Ce voyage lui montre les passions religieuses des Français portées au paroxysme. Aussi, désormais, conjointement avec Henri III, va-t-elle s’efforcer avant tout de sauver le pouvoir royal. En 1584, la mort du duc François d’Anjou pose la question de la succession. Le roi n’ayant pas d’enfants, le trône revient au protestant Henri de Navarre. Devant cette menace, on assiste à une recrudescence de la Ligue. Les Guises, au traité de Joinville (31 déc. 1584), s’allient avec Philippe II et décident que la couronne reviendra au cardinal de Bourbon, oncle d’Henri de Navarre.

Débordé, Henri III, sur les conseils de sa mère, cède aux ligueurs et leur livre le pouvoir ; Catherine signe avec le cardinal de Bourbon le traité de Nemours (juill. 1585), qui le reconnaît héritier du trône. Mais elle ne renonce pas pour autant à voir son gendre succéder à son fils, et, l’année suivante, elle le supplie de quitter les calvinistes et de se convertir.

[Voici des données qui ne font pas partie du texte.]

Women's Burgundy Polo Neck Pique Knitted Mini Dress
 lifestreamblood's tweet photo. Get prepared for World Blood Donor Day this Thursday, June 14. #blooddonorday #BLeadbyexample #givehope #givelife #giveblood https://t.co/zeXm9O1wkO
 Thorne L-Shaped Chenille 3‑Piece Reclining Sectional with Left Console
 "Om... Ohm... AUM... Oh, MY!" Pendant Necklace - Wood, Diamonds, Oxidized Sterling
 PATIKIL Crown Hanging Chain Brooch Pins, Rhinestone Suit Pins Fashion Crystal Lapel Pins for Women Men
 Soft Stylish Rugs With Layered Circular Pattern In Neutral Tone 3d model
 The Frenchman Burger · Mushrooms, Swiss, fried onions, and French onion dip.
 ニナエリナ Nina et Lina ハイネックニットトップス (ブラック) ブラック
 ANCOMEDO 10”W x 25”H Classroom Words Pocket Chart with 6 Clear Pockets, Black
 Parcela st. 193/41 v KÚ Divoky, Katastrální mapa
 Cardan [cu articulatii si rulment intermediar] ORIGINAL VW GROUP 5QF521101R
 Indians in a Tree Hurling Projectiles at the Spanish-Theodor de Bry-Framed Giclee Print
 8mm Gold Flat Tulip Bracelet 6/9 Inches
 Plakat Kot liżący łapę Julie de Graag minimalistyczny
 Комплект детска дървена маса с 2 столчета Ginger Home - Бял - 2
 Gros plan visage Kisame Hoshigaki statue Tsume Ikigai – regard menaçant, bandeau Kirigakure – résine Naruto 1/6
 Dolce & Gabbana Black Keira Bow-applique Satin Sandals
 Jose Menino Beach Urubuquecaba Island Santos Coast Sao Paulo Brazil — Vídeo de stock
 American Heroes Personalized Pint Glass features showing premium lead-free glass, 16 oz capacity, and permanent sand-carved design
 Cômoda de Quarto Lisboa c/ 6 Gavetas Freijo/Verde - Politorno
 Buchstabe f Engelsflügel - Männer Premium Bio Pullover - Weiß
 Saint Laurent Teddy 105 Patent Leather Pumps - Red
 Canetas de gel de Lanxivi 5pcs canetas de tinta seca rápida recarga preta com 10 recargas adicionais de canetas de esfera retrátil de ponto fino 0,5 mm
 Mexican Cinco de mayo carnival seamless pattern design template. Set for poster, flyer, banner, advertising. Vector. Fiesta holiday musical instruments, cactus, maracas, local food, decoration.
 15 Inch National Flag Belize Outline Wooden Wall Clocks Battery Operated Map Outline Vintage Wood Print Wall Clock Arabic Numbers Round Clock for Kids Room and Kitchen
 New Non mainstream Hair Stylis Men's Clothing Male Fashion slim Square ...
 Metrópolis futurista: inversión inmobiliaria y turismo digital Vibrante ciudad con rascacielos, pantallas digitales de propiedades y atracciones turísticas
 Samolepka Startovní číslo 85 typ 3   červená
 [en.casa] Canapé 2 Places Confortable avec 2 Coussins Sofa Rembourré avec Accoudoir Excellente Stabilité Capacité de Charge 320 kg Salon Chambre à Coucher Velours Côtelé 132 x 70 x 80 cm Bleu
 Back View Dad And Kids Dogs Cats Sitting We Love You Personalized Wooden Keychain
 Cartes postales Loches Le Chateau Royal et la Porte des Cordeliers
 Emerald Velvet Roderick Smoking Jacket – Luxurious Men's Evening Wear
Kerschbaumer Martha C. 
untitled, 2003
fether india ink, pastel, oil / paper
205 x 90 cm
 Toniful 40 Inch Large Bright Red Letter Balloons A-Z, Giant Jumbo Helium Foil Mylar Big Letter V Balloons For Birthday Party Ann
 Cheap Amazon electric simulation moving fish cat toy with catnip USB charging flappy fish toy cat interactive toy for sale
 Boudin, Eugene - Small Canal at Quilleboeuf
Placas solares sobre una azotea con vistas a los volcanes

Cependant, la guerre civile se rallume. Le 20 octobre 1587, Henri de Navarre est vainqueur à Coutras. Lorsque le duc Henri de Guise pénètre à Paris contre l’avis du roi, Catherine essaie de s’interposer : voyant la partie perdue dans la capitale, à la suite de la journée des Barricades (12 mai 1588), elle conseille à Henri III de s’enfuir. Le roi se réfugie à Blois, où il convoque les états généraux, pendant lesquels il fait assassiner le duc Henri de Guise et son frère le cardinal de Lorraine. Catherine de Médicis ne joue aucun rôle dans les événements de Blois ; seulement, le 1er janvier 1589, elle fait relâcher le vieux cardinal de Bourbon, qui a été arrêté, et s’emploie à négocier avec lui. Elle meurt peu après.

P. R.

➙ France / Henri II / Religion (guerres de) / Valois.